Problem statement.
Nothing but the lines from the one with "Infinity in Your" down to the one with "L'Instruction publique en" should be returned, exactly and with both ends included, from the material below.

Data for the task.
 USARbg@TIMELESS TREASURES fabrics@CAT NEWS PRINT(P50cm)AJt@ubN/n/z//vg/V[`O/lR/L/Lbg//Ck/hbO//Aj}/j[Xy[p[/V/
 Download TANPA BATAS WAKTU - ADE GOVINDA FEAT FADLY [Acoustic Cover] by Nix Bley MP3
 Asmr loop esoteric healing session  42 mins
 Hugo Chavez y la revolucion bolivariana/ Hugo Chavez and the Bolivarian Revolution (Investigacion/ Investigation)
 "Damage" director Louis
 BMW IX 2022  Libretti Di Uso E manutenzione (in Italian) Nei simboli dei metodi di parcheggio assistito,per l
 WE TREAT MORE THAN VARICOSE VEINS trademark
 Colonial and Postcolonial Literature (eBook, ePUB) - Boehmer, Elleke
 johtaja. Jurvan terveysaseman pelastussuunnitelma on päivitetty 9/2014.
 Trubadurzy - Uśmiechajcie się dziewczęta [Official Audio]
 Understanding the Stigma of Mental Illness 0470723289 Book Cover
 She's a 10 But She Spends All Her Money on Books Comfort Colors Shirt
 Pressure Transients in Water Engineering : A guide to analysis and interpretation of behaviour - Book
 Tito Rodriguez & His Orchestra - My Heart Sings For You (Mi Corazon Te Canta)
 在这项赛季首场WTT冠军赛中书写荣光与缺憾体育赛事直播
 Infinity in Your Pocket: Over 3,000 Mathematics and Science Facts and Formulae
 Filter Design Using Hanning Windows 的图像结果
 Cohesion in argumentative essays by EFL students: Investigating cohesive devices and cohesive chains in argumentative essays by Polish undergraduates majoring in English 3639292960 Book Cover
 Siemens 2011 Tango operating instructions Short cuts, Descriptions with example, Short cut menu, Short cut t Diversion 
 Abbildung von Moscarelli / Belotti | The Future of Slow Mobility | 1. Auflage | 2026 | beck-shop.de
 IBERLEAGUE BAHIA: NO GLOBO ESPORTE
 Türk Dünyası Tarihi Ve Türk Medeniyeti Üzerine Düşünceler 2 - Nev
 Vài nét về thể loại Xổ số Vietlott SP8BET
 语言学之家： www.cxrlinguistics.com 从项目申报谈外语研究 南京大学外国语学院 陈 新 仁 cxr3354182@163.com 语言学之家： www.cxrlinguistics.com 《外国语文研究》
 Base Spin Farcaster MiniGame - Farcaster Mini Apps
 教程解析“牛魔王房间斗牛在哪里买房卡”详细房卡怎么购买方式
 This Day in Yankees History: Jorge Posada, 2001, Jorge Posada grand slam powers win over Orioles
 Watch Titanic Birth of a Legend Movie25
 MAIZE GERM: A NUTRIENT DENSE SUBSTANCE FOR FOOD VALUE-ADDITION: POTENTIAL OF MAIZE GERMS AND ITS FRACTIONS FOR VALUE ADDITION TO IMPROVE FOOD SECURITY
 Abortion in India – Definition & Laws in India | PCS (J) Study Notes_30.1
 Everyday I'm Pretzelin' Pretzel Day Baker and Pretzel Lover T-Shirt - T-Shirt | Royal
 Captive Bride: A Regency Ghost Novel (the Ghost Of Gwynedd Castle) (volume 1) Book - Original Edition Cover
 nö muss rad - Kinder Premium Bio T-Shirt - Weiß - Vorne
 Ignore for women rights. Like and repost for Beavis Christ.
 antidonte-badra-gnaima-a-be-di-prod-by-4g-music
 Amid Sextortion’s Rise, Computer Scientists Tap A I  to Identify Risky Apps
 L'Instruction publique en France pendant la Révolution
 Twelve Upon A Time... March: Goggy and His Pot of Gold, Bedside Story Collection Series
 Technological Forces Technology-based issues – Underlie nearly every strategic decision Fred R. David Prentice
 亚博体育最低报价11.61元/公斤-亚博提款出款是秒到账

The answer.
 Infinity in Your Pocket: Over 3,000 Mathematics and Science Facts and Formulae
 Filter Design Using Hanning Windows 的图像结果
 Cohesion in argumentative essays by EFL students: Investigating cohesive devices and cohesive chains in argumentative essays by Polish undergraduates majoring in English 3639292960 Book Cover
 Siemens 2011 Tango operating instructions Short cuts, Descriptions with example, Short cut menu, Short cut t Diversion 
 Abbildung von Moscarelli / Belotti | The Future of Slow Mobility | 1. Auflage | 2026 | beck-shop.de
 IBERLEAGUE BAHIA: NO GLOBO ESPORTE
 Türk Dünyası Tarihi Ve Türk Medeniyeti Üzerine Düşünceler 2 - Nev
 Vài nét về thể loại Xổ số Vietlott SP8BET
 语言学之家： www.cxrlinguistics.com 从项目申报谈外语研究 南京大学外国语学院 陈 新 仁 cxr3354182@163.com 语言学之家： www.cxrlinguistics.com 《外国语文研究》
 Base Spin Farcaster MiniGame - Farcaster Mini Apps
 教程解析“牛魔王房间斗牛在哪里买房卡”详细房卡怎么购买方式
 This Day in Yankees History: Jorge Posada, 2001, Jorge Posada grand slam powers win over Orioles
 Watch Titanic Birth of a Legend Movie25
 MAIZE GERM: A NUTRIENT DENSE SUBSTANCE FOR FOOD VALUE-ADDITION: POTENTIAL OF MAIZE GERMS AND ITS FRACTIONS FOR VALUE ADDITION TO IMPROVE FOOD SECURITY
 Abortion in India – Definition & Laws in India | PCS (J) Study Notes_30.1
 Everyday I'm Pretzelin' Pretzel Day Baker and Pretzel Lover T-Shirt - T-Shirt | Royal
 Captive Bride: A Regency Ghost Novel (the Ghost Of Gwynedd Castle) (volume 1) Book - Original Edition Cover
 nö muss rad - Kinder Premium Bio T-Shirt - Weiß - Vorne
 Ignore for women rights. Like and repost for Beavis Christ.
 antidonte-badra-gnaima-a-be-di-prod-by-4g-music
 Amid Sextortion’s Rise, Computer Scientists Tap A I  to Identify Risky Apps
 L'Instruction publique en France pendant la Révolution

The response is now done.